Domingo Cuarto de Adviento
Bernal había dormido muy mal toda la noche: la cena de lentejas con chorizo que Eugenia le había recalentado y servido con un poco de vinagre aún se le quejaba en el duodeno sin haberla digerido. Además, le ponía nervioso el guardaespaldas que dormitaba en el recibidor en una tumbona y el saber que aún había otro, instalado abajo en el portal.

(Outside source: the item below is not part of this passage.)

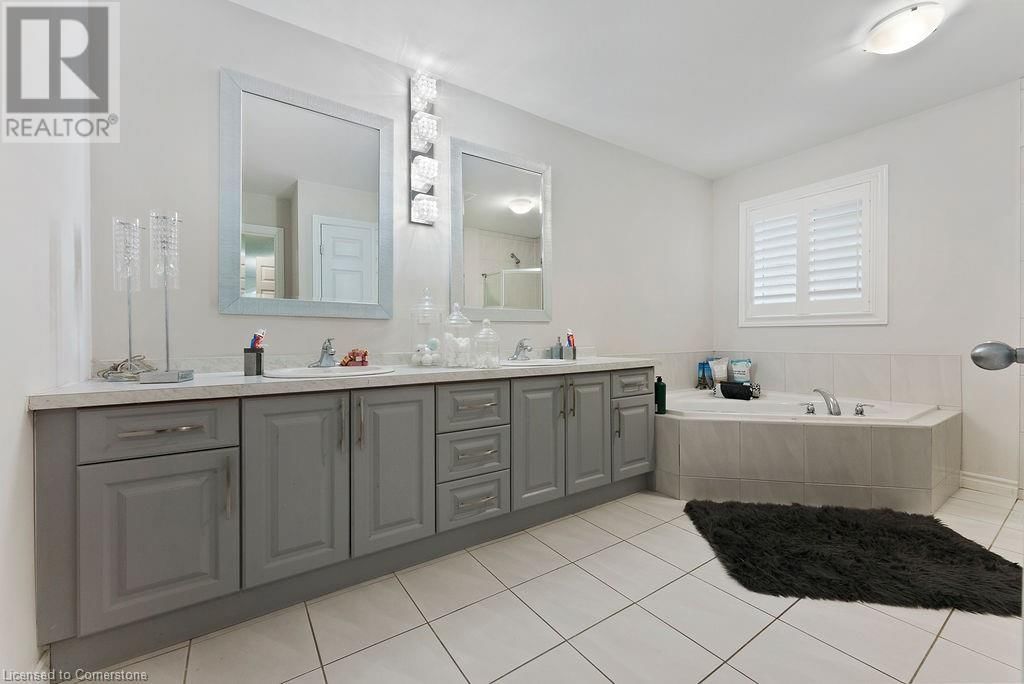 12 ASCOLI DRIVE Image 20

A las 6.30 puntual como un reloj, Eugenia se incorporó y apoyó los pies en el frío suelo de baldosas. Luis fingió dormir, mientras el viejo colchón de matrimonio, al que hacía ya muchos años le había crecido una incómoda y alargada joroba en el centro, subía y bajaba como un barco a merced de la marejadilla mientras Eugenia buscaba sus pantuflas. No tardó Bernal en oírle abrir la portezuela del armario del comedor para encender las luces de colores que decoraban la capillita de Nuestra Señora de los Dolores. Sabía él que Eugenia se pasaría allí rezando por lo menos veinte minutos, de modo que optó por levantarse y hacer una visita sorpresa a la casa de su hijo mayor para saber cómo andaba allí la seguridad.
Procuró no hacer ruido en la cocina, al encender el cochambroso calentador de gas, pero el policía de seguridad le oyó y dijo:
– ¿Es usted, comisario?
– Sí, voy a vestirme y dentro de media hora saldré para la plaza de Castilla.
– Pediré el coche, señor comisario. A las siete y media cambiamos el turno.
– En tal caso esperaremos a que llegue el relevo y de paso dejaremos a mi mujer en la iglesia. Desayunaremos en el bar de al lado, si está abierto.